ODG EQU OFFSET DGROUP
OFS EQU OFFSET
;
;
;
mov ax,DGROUP
mov ds,ax
;
;
mov si,ODG:SomeLabel
;or
mov bx,OFS SomeOtherLabel ;when applicable
correction:
Quoteit is relative to the segment register at runtime
hopefully, the segment referenced in the assembly source is in the segment selector at runtime :bg
I was considering this some time ago but thought I'd look foolish if I didnt know how this worked :lol....
invoke Callback, oexPROC
invoke Callback, OFFSET oexPROC
invoke Callback, ADDR oexPROC
All return the correct proc address in 32 bit code right?
ADDR destroys eax
EDIT: Nobody's saying anything.... Now I'm starting to feel foolish :lol
Vector dd oexPROC
;or
mov eax,oexPROC
;or
invoke Callback,oexPROC
the assembler knows it is a code address because it is a ":" or PROC label
so, OFFSET is implied, or more accurately, OFFSET .text (or whatever the code segment is named)

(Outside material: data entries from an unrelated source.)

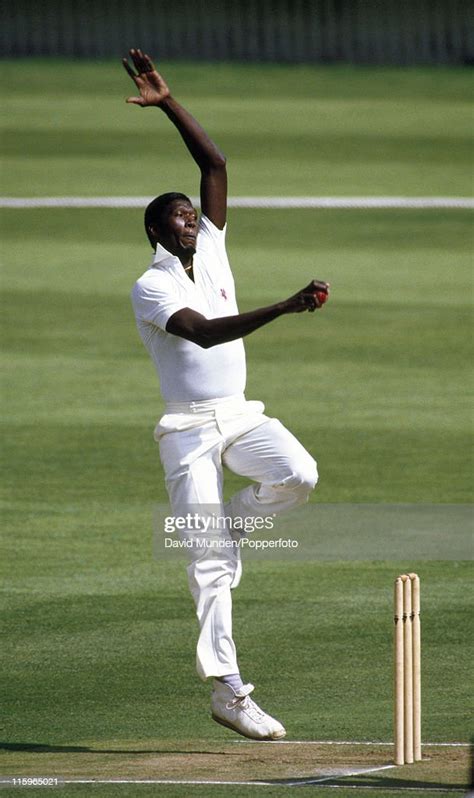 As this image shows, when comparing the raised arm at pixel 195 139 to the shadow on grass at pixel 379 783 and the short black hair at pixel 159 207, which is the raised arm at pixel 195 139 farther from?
the shadow on grass at pixel 379 783

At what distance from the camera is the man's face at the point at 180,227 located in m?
7.49

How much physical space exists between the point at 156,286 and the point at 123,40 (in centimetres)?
2462

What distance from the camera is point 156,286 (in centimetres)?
740

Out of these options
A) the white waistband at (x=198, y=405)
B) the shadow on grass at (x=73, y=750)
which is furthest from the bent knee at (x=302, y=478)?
the shadow on grass at (x=73, y=750)

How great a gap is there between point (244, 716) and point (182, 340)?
64.0 inches

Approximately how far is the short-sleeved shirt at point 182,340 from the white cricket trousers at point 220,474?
0.07m

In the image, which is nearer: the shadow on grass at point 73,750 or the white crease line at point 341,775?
the white crease line at point 341,775

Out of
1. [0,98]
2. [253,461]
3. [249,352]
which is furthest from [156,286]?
[0,98]

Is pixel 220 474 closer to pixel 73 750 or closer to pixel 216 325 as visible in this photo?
pixel 216 325

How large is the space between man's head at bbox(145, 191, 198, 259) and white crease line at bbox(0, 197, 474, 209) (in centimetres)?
1520

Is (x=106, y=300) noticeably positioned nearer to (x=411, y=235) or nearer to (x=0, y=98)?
(x=411, y=235)

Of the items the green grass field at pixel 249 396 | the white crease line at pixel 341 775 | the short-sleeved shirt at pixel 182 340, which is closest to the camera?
the white crease line at pixel 341 775

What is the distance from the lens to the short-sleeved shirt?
7398 millimetres

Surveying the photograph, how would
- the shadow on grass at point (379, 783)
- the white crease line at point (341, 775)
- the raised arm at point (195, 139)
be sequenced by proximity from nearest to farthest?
the shadow on grass at point (379, 783) → the white crease line at point (341, 775) → the raised arm at point (195, 139)
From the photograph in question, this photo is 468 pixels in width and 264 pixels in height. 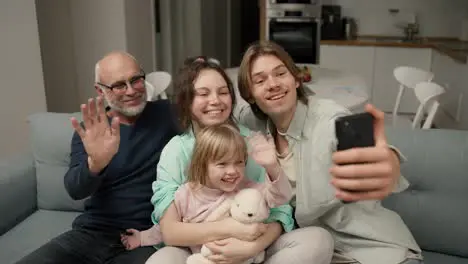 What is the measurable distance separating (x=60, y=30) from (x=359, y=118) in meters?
3.11

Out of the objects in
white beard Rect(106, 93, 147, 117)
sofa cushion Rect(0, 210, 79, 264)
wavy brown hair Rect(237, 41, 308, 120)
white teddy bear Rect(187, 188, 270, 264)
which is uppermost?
wavy brown hair Rect(237, 41, 308, 120)

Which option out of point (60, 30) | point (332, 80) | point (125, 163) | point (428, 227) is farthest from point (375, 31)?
point (125, 163)

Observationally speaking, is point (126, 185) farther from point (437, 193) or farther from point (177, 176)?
point (437, 193)

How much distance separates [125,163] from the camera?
5.89ft

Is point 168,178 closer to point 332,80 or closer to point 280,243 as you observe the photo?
point 280,243

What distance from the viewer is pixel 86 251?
1.67 metres

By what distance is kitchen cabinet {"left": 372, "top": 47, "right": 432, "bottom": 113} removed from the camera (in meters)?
4.92

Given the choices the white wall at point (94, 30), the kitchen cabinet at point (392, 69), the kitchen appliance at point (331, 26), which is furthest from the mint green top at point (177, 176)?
the kitchen appliance at point (331, 26)

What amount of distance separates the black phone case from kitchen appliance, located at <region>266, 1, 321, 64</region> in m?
4.07

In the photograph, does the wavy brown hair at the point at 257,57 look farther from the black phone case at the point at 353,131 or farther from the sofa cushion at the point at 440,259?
the sofa cushion at the point at 440,259

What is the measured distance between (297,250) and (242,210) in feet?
0.68

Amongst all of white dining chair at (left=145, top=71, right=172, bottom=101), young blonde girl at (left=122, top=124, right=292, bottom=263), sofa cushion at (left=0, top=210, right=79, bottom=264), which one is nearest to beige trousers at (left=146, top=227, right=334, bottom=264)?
young blonde girl at (left=122, top=124, right=292, bottom=263)

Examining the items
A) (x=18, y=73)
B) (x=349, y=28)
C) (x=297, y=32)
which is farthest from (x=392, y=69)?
(x=18, y=73)

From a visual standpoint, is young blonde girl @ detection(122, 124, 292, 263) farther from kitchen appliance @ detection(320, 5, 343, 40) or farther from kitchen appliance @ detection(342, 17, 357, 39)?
kitchen appliance @ detection(342, 17, 357, 39) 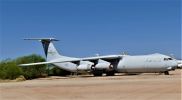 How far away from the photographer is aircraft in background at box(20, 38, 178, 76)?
169ft

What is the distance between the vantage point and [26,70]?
70.8m

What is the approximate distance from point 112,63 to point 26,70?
18.2 metres

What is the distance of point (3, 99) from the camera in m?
18.4

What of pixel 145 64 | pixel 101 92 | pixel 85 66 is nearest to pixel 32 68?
pixel 85 66

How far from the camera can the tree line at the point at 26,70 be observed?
195ft

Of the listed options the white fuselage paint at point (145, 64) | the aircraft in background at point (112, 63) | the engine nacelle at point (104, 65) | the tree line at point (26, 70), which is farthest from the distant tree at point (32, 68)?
the white fuselage paint at point (145, 64)

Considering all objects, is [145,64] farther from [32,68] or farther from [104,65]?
[32,68]

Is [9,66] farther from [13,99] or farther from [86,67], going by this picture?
[13,99]

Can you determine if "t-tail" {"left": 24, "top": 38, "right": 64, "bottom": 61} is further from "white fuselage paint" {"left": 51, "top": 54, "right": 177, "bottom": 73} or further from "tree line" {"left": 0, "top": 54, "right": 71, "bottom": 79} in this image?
"white fuselage paint" {"left": 51, "top": 54, "right": 177, "bottom": 73}

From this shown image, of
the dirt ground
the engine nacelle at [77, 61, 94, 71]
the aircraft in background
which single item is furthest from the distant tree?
the dirt ground

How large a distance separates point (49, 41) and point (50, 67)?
45.8ft

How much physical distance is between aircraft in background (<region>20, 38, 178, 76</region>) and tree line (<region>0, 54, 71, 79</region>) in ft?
8.84

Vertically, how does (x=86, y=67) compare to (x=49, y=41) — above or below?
below

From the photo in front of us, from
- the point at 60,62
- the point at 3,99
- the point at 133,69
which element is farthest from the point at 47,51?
the point at 3,99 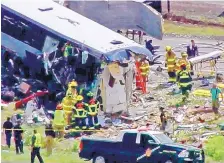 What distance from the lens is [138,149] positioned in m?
26.1

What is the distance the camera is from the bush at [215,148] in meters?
27.1

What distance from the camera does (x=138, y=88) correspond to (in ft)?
114

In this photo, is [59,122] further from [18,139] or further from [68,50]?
[68,50]

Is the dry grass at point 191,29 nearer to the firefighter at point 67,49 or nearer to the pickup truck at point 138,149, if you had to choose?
the firefighter at point 67,49

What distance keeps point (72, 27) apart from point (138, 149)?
789 cm

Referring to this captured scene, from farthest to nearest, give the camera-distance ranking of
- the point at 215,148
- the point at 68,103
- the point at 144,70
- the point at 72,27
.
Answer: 1. the point at 144,70
2. the point at 72,27
3. the point at 68,103
4. the point at 215,148

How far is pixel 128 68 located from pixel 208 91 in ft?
9.75

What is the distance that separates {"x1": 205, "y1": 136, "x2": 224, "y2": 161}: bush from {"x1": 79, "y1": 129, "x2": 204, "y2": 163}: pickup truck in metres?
1.31

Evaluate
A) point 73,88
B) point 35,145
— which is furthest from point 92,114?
point 35,145

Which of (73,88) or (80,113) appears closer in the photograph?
(80,113)

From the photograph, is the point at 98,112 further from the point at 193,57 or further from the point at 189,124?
the point at 193,57

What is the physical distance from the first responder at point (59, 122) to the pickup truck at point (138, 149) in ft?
8.27

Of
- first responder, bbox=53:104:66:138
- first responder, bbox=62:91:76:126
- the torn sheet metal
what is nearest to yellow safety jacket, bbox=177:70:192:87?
first responder, bbox=62:91:76:126

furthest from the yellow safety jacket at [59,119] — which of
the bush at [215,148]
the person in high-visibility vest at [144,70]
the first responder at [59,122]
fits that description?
the person in high-visibility vest at [144,70] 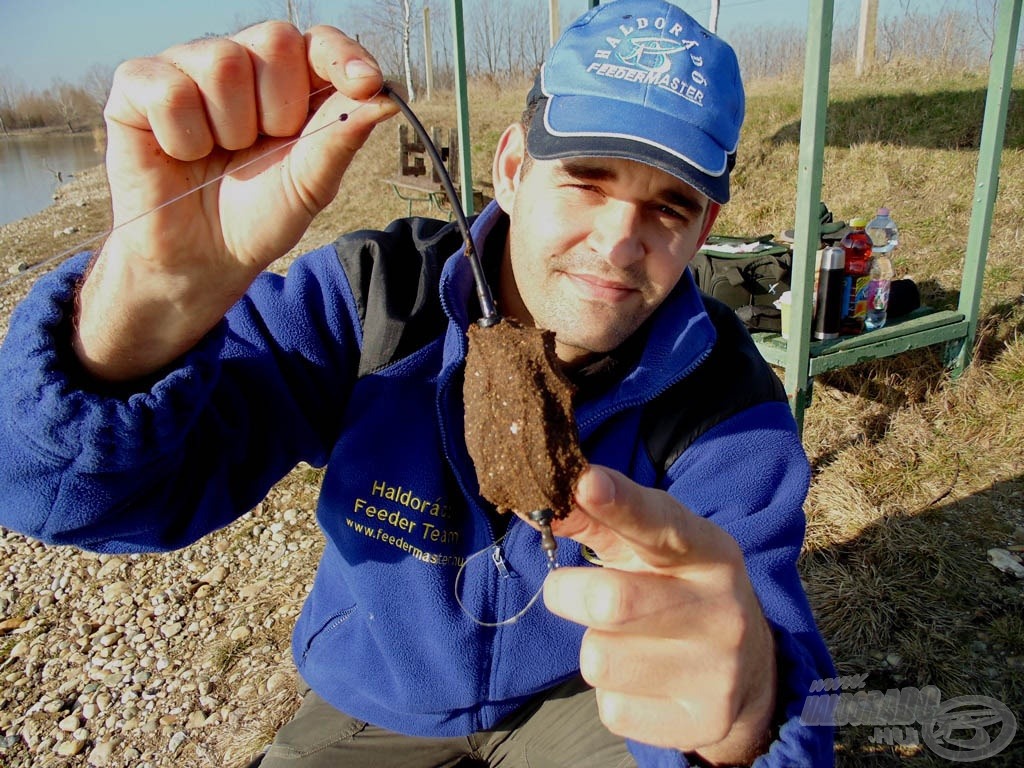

Ah kk so long as the assembler handles it and I havent missed something important that's what matters :bg.... Just seemed odd to have 3 possible reserved word methods for effectively 1 thing....
:green
Quote from: oex on April 07, 2011, 07:00:06 PM
Only when addressing a LOCAL variable - which is not the case for a call.
Sorry jj can you try that explanation again.... Which one(s) of the 3 were wrong.... What is LOCAL scope of a PROC label? Are not all PROCs GLOBAL scope?....
None is wrong:
invoke Callback, oexPROC
invoke Callback, OFFSET oexPROC
invoke Callback, ADDR oexPROC
... but "ADDR destroys eax" happens only when ADDR refers to a local variable. The invoke macro uses internally OFFSET GlobalVar if you write ADDR GlobalVar. For a local var, in contrast, it uses
lea eax, [ebp+n]
push eax
Tip: Write a little proggie, and look at it through Olly.
Quote from: jj2007 on April 07, 2011, 09:40:15 PM
Tip: Write a little proggie, and look at it through Olly.
:lol yep I'm just being lazy.... I dont use Olly but I had tested partially with my own code I just wondered if I'd missed something :lol
ty for the infos it clarifies it for me :bg
Trust a group of assembler programmers to take a basic question and turn it into a multi-page argument ::)
I think most of this belongs in The Colosseum? And let's hope you haven't scared guro from ever asking a question again :bdg
Next question: what does mov REALLY do? :bg
Hey Tedd, i didn't scare at all ... it was a pleasure to read all those comments and learn from all! If we would like to add another Murphy's law (if not already exist) that simple questions have complicated answers...but anyway!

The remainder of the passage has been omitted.